Marine Stewardship Council est une ONG indépendante, financée par des dons et une redevance sur l’utilisation de son label.

Pour être certifiée, une pêcherie doit:

– pêcher dans une zone où le stock de poisson ciblé n’est pas surexploité

– avec des méthodes respectueuses de l’écosystème,

– documenter ses captures (directes et accessoires) de façon à mesurer son impact sur le stock

Si formellement on ne peut rien reprocher à MSC, dans la pratique, les défenseurs de l’environnement sont très critiques vis à vis de ce label. Charlène Jouanneau de l’association Bloom regrette que le processus de certification soit tellement cher que seules les pêcheries industrielles puissent se l’offrir. Or la pêche durable est plutôt artisanale.

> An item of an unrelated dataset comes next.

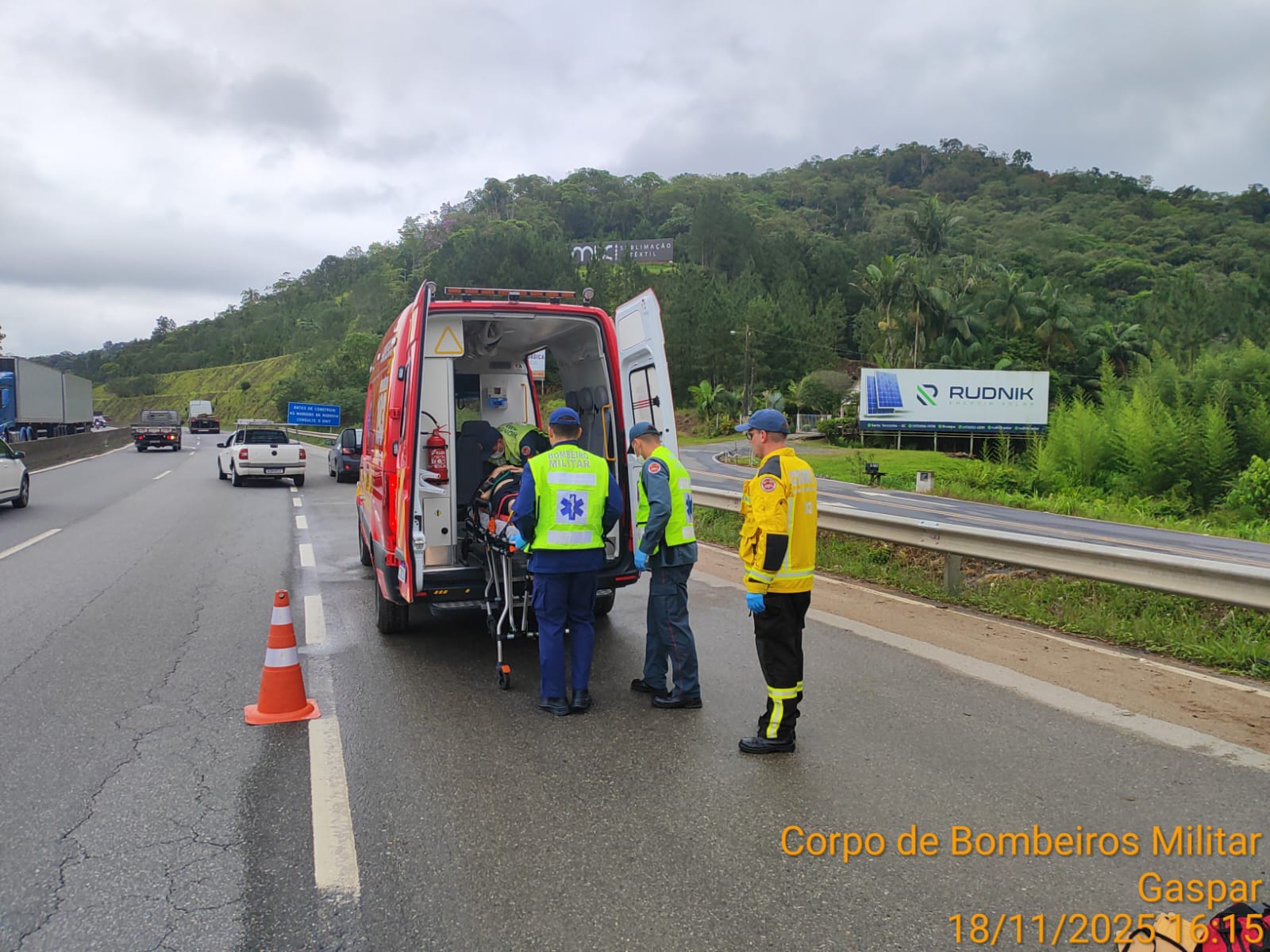 Idoso é atropelado ao tentar fazer travessia na BR 470 no bairro Belchior Baixo em Gaspar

Par ailleurs, ce processus de certification est mené par un organisme (Bureau Veritas par exemple) payé par la pêcherie, qui a tout intérêt à ce que son client obtienne sa certification. Quand une pêcherie opère sur un stock de poissons à la limite de la surexploitation, l’organisme de certification choisit un chiffre par ci, un autre par là pour brosser un tableau favorable de son client, parfois avec une mauvaise foi dénoncée par les ONG (1).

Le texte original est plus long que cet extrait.